Alasannya, pembahasan omnibus law terkesan tertutup, tidak demokratis dan hanya melibatkan pengusaha.
"Tidak ada pelibatan stakeholder, tidak ada keterbukaan. Itu kenapa yang menjadi dasar penolakan," kata perwakilan FRI, Nining Elitos di Kantor LBH Jakarta, Kamis (30/1/2020).
Nining juga menilai omnibus law khususnya RUU Cipta Lapangan Kerja (Cilaka) tidak berpihak pada rakyat.
Menurutnya, konsep ketenagakerjaan dalam RUU tersebut mirip seperti kondisi perburuhan zaman kolonial.

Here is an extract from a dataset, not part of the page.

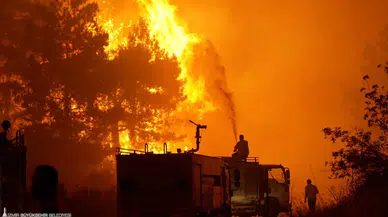 İzmir İtfaiyesi 8 ayda 11 bin 564 yangına müdahale etti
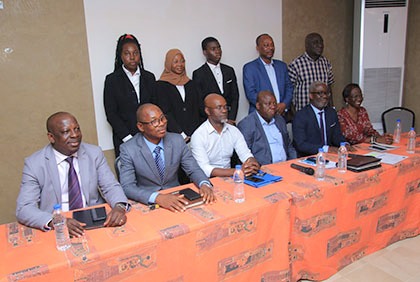 Cérémonie de récompense du vainqueur du prix du réseau ivoirien des juristes d'affaires (RIJAF)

Dia menjelaskan, pada masa kolonial ada peraturan yang memperbolehkan pengusaha mempekerjakan kuli tembakau dengan upah murah.
Para buruh juga diancam hukuman kerja paksa sementara pengusaha yang melanggar aturan hanya dikenakan sanksi denda ringan.

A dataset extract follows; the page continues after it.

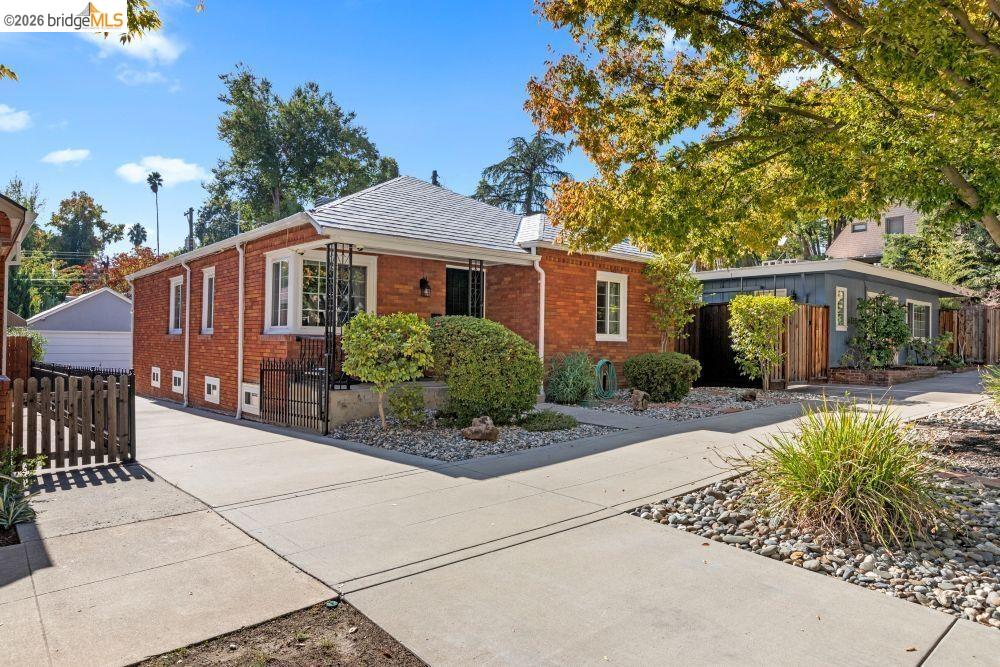 2214 U ST, Sacramento CA 95818 — photo 29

"Konsep sistem ketenagakerjaan dalam RUU Cilaka mirip kondisi perburuhan pada masa kolonial Hindia Belanda," ujar Nining.
"Kalau dilihat dari konsepnya (omnibus law) hanya bagaimana mereka bekerja tapi tidak dilihat aspek kemananan bekerjannya," ungkapnya.
Sebelumnya, pemerintah melalui Kementerian Koodinator Bidang Perekonomian memastikan RUU Cipta Lapangan Kerja dalam bentuk omnibus law masih dalam tahap penyelesaian.
Sekretaris Kementerian Koodinator Bidang Perekonomian Susiwijono mengatakan saat ini beredar di masyarakat bocoran draf RUU sapu jagad tersebut.
Namun, dia menegaskan draf tersebut bukan dikeluarkan pemerintah.
Hal tersebut bisa terlihat dari nama RUU yang berbeda. Draf RUU yang beredar memiliki nama 'Penciptaan Lapangan Kerja'.
Sedangkan RUU yang digagas pemerintah adalah RUU Cipta Lapangan Kerja.